Scikit-learn and SciPy convert any input data structure implementing a duck array to a NumPy array (using numpy.asarray
, which relies on __array__
et al.) to ensure consistent behavior. We want to replace the call to numpy.asarray
with __array_namespace__().asarray
to enable the new dispatch mechanism.
Should the new behavior be enabled by default? If it’s enabled by default by a library (and hence opt-out for users, or maybe not even giving users a choice), is it the library that implements the n-D array object that controls this enabling or is it individual array-consuming libraries?
I think array libraries can safely add the __array_namespace__
method to their array objects, indicating the adoption of Array API, and autoregister backends for uarray
-based implementation. It’s just a signal for users and array-consuming libraries that the dispatching is supported and how to make use of such capability is up to the array consumers.
Enabled by default or not, I think we should add the ability to control the behavior using for example a global flag that turns the feature on (or off). This flag could be implemented per function or per module, but I think too granular control may be too cumbersome, that’s why the proposal is to have one global switch implemented per package. Then separately document which parts of the library the switch affects. For inputs that don’t implement the __array_namespace__
method, we would preserve the current behavior - converting to a NumPy array.

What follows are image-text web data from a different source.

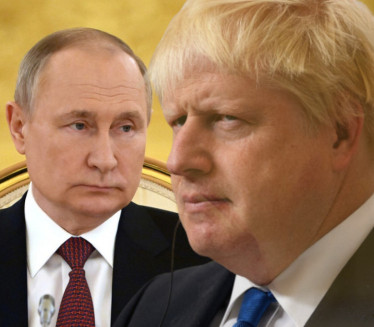 ПОГУБНЕ ТЕЖЊЕ: Џонсон "тера" Путина са Балкана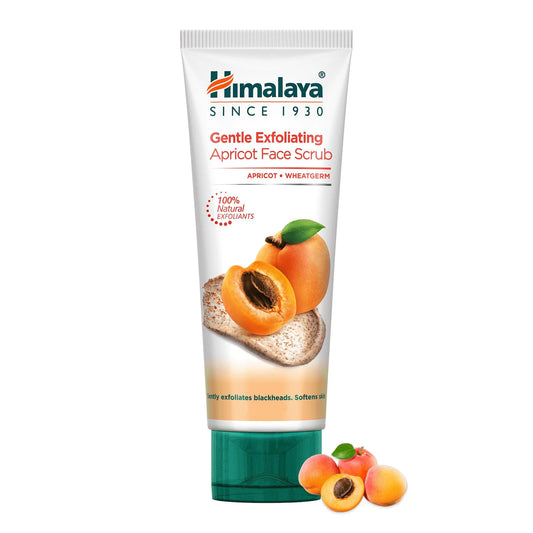 Himalaya Gentle Exfoliating Apricot Face Scrub – 100g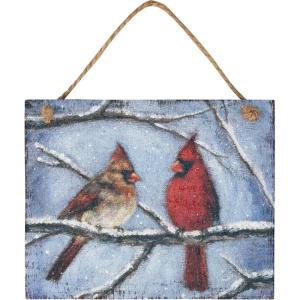 image:imagePrimitives by Kathy Cardinal Couple Ornament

Let’s say we name the global switch DISPATCH_ENABLED
in the sklearn
package. Then no matter what’s the default value for the switch is, the pattern to support multiple array libraries would be something like:
def some_sklearn_func(x):
if sklearn.DISPATCH_ENABLED and hasattr(x, '__array_namespace__'):
xp = x.__array_namespace__()
else:
xp = numpy
x_array = xp.asarray(x)
# ...
return result
Similarly, the uarray
-based dispatching would check the global switch
DISPATCH_ENABLED
and presence of the __array_namespace__
method.
Having the dispatching enabled by default seems to be a good idea, but gives rise to backward compatibility concerns. If and when an individual array-consuming library sets its default value for the switch as ENABLED
, this will change the behavior for all users from coercing to a numpy.ndarray
to returning the same type of array as the input type. This is technically a break; in most projects, the impact may be small and acceptable to get the desired user experience in the long-term - but this is then up to the maintainers of each individual library.